In this week's blog, we look at the latest round of housing data and unpack some positive indications that not only have we passed peak pain, but the significant capital inflow may be just beginning in real estate and all its directly correlated markets.
Savills were on the tape last week indicating they believe that there is a relief rally already underway in housing; the rate of retracement is slowing even though 2024 is expected to yield a 4% drop overall year on year. They are targeting a recovery beginning by Q3, and part of this is the groupthink that the Bank of England will begin to row back on rate increases and ease pressure across all markets. That is seemingly the narrative being pushed by economists and the media alike, so it's a narrative we are more than happy to run with. Robert Gardner, the chief economist at Nationwide, has stated in the press, "People are becoming a little bit more optimistic.

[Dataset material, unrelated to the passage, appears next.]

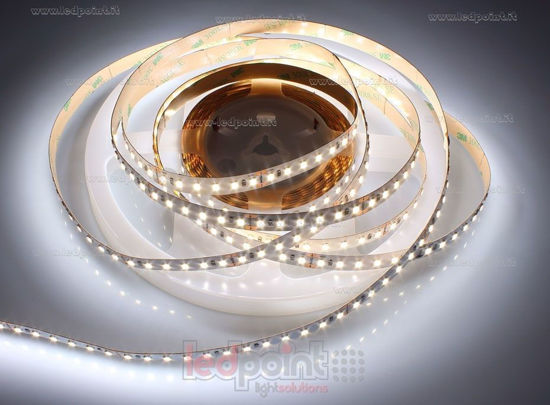 Imagen de Tira de led 5m blanco 4000K 3step 2835 CRI>90 120led/m Honglitronic 24V 24W/m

It's still going to be difficult for households, but hopefully, the squeeze on incomes will continue to lessen because growth is outpacing inflation" which is the type of bullish sentiment we are seeing slowly begin to compound in the press.
Looking at other credible voices on the tape pushing a bullish narrative, Pantheon Macroeconomics is now predicting a gentle rise in housing asset prices as the market rebalances. They reference on Bloomberg a point we have continually made regarding the housing boom in the aftermath of the pandemic being primarily attributed to a fiscal stimulus propelling the market, and what we have been seeing over the last 12 months isn't a decline; it's a retracement on assets that were circumstantially overvalued. One fact to back up this theory is that house prices are substantially higher now than before the pandemic. Looking back at the data from February 2020, the average home cost £230,609 – which is £50,000 less than in January 2024. With demand substantially outstripping supply, wages rising above inflation, and the Mortgage markets enticing more buyers by pricing in future rate slides, the softest of soft landings is seemingly evident, caveated with the rigours of analysing a moving set of circumstances; who knows what the morrow shall bring.
So, where is the evidence of fresh capital coming into the real estate markets aside from looking at house prices potentially stabilising? We look at the performance of other asset classes underpinned by global housing markets to measure investment sentiment. Interestingly, the Investors Chronicle recently ran a piece on Real Estate Investment Trusts and how there is evidence of investors coming back to the table on a global level, a considerable indicator of smart money's positive sentiment. It's important to remember that REITs have gotten for want of a better word - crushed in the ill-suited climate of the last 36 months; the perfect storm of rising rates and reduced occupancy in commercial properties post covid significantly jeopardised returns, but the Chronicle indicates that UBS global listed real estate performance posted its fourth best monthly performance since the worldwide liquidity issue post the 2008 financial crisis, all driven by the groupthink as mentioned earlier.
Looking closer to home at our market, at the FTSE 350 - Real Estate Investment Trusts REITs Constituents, evidentially, all the funds listed have had a torrid few years; however, looking at the quarterly share price movement from Q4 2023, there is a clear pattern of recovery across all listed funds. Globally, there are 1.9 trillion USD in REITs; the peer-to-peer market connected to Real Estate is a drop in the ocean by comparison, with the total worldwide P2P asset class coming in at 133 billion, and the UK P2P asset class connected to Real Estate only being a fraction of that. The room for upside expansion of the P2P asset class in the Private Credit boom we find ourselves in is a massive indicator of where this space could go.